─── Recorded information
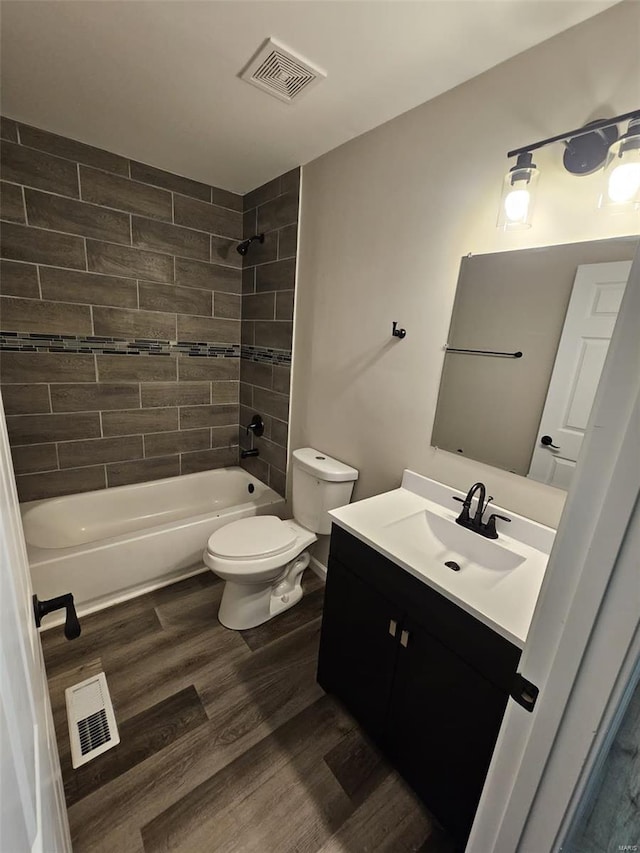 bathroom featuring toilet, visible vents, shower / bath combination, wood finished floors, and vanity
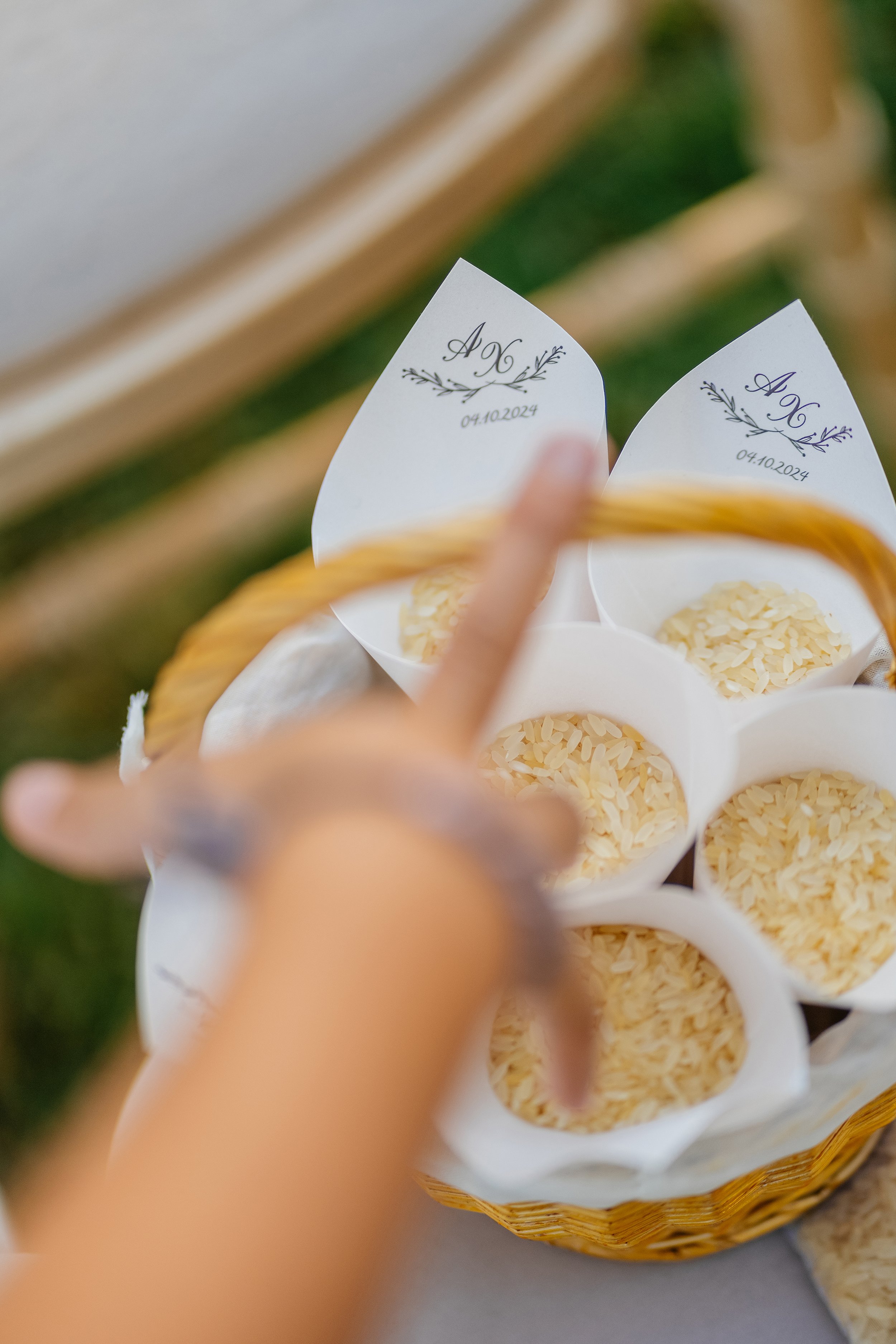 Close-up of a basket of rice with two white cards that have decorative writing and the date 04.10.2024, held by a person's hand.
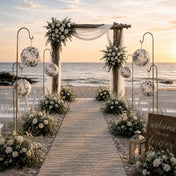 Black and white French toile paper lanterns hanging on shepherd hooks at a beach wedding ceremony - thumbnail number 4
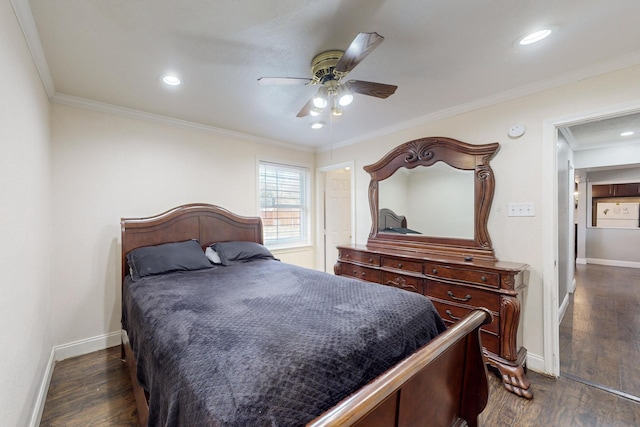 bedroom featuring crown molding, dark hardwood / wood-style floors, and ceiling fan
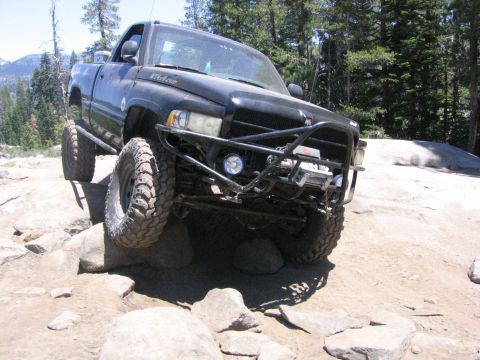 1989 Ford Bronco - Modified black Dodge Ram pickup truck climbing over rocks on a trail.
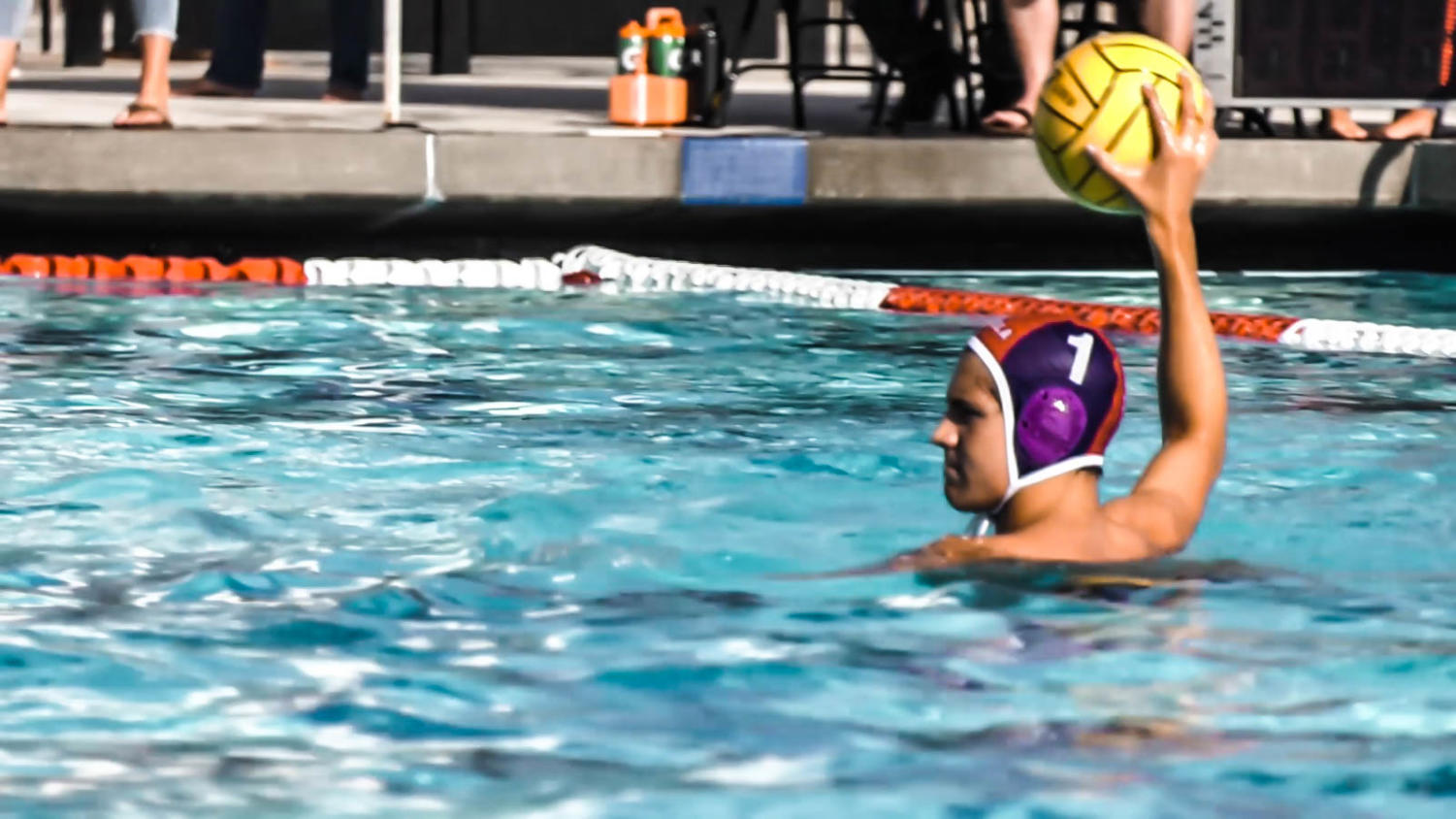 Junior and captain Leo Pena palms the ball, keeping it up and ready to be passed to a fellow teammate as his legs powerfully eggbeat beneath him to keep afloat. Pena's eyes are narrowed and defenses raised, ready to respond with a sudden burst of power depending on the situation around him.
──────
Requirement. With the pictures removed, the entries above should be transcribed exactly.

Task output.
 bathroom featuring toilet, visible vents, shower / bath combination, wood finished floors, and vanity
 Close-up of a basket of rice with two white cards that have decorative writing and the date 04.10.2024, held by a person's hand.
 Black and white French toile paper lanterns hanging on shepherd hooks at a beach wedding ceremony - thumbnail number 4
 bedroom featuring crown molding, dark hardwood / wood-style floors, and ceiling fan
 1989 Ford Bronco - Modified black Dodge Ram pickup truck climbing over rocks on a trail.
 Junior and captain Leo Pena palms the ball, keeping it up and ready to be passed to a fellow teammate as his legs powerfully eggbeat beneath him to keep afloat. Pena's eyes are narrowed and defenses raised, ready to respond with a sudden burst of power depending on the situation around him.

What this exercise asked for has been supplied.